Correcting an overcorrection. Previous version pushed NATS fully
external — "operator brings their own, we don't ship it." That went
too far. The right line is:
- NATS isn't *Rust code we wrote* — it's the official Go nats-server,
separate process. We don't embed it. ✓ (unchanged)
- NATS *is* part of our deployment recipe — docker-compose includes a
`nats` service alongside chat-server and sig-server so operators
can `docker compose up` and have everything working.
This is the standard "we ship docker-compose with the dependencies
wired up" pattern (like projects that include Postgres in their
compose). Operators with existing NATS deployments can disable the
bundled service and set NATS_URL to their own broker.
Changes:
- §4.2 process diagram: NATS back inside the "our deployment" box,
with a note that it's bundled-but-separable
- §4.3 docker-compose: nats service restored alongside chat-server
and sig-server. Reference nats.conf path documented.
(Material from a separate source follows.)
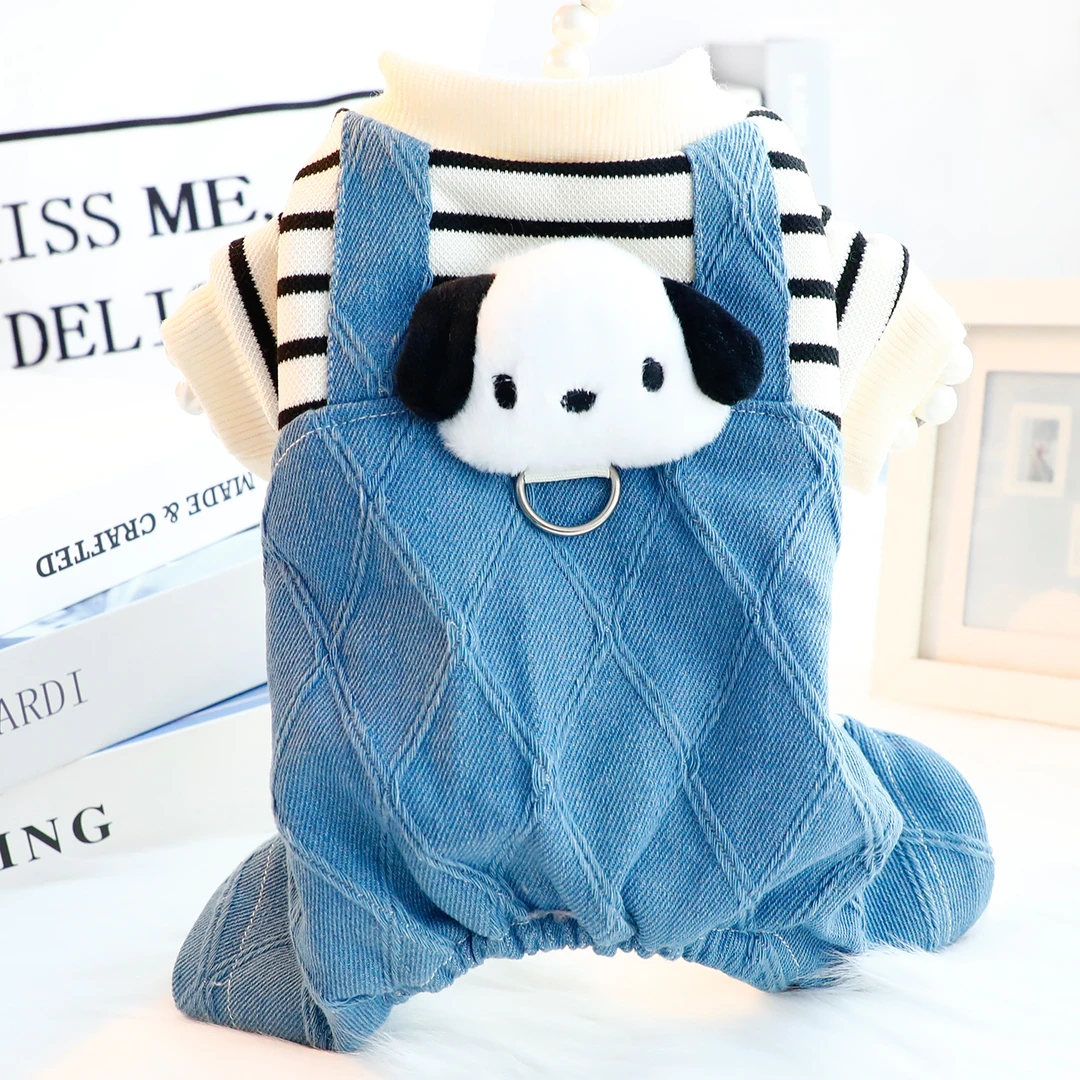 狗狗衣服秋冬装厚款牛仔四腿加绒牵引可爱棉衣小型犬泰迪宠物6996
Instructions
for swapping in your own NATS broker.
- §6.4 NATS section retitled from "external dependency" to
"bundled in compose, not in code." Same requirements (NATS 2.10+,
JetStream, auth_callout) but framed as turn-key by default.
- Decisions-locked NATS row updated: "not in Rust code, yes in
docker-compose; swap-able by config."
- §11 sequenced plan step 3: wire up the bundled nats service rather
than "spin up a separate broker for dev."
- §12 summary: "we ship two Rust services PLUS a docker-compose
recipe that includes nats-server."
- Appendix A trimmed: now just "running NATS standalone if you're
iterating on chat-server in cargo watch and don't want the full
compose stack." The full compose IS the standard dev setup.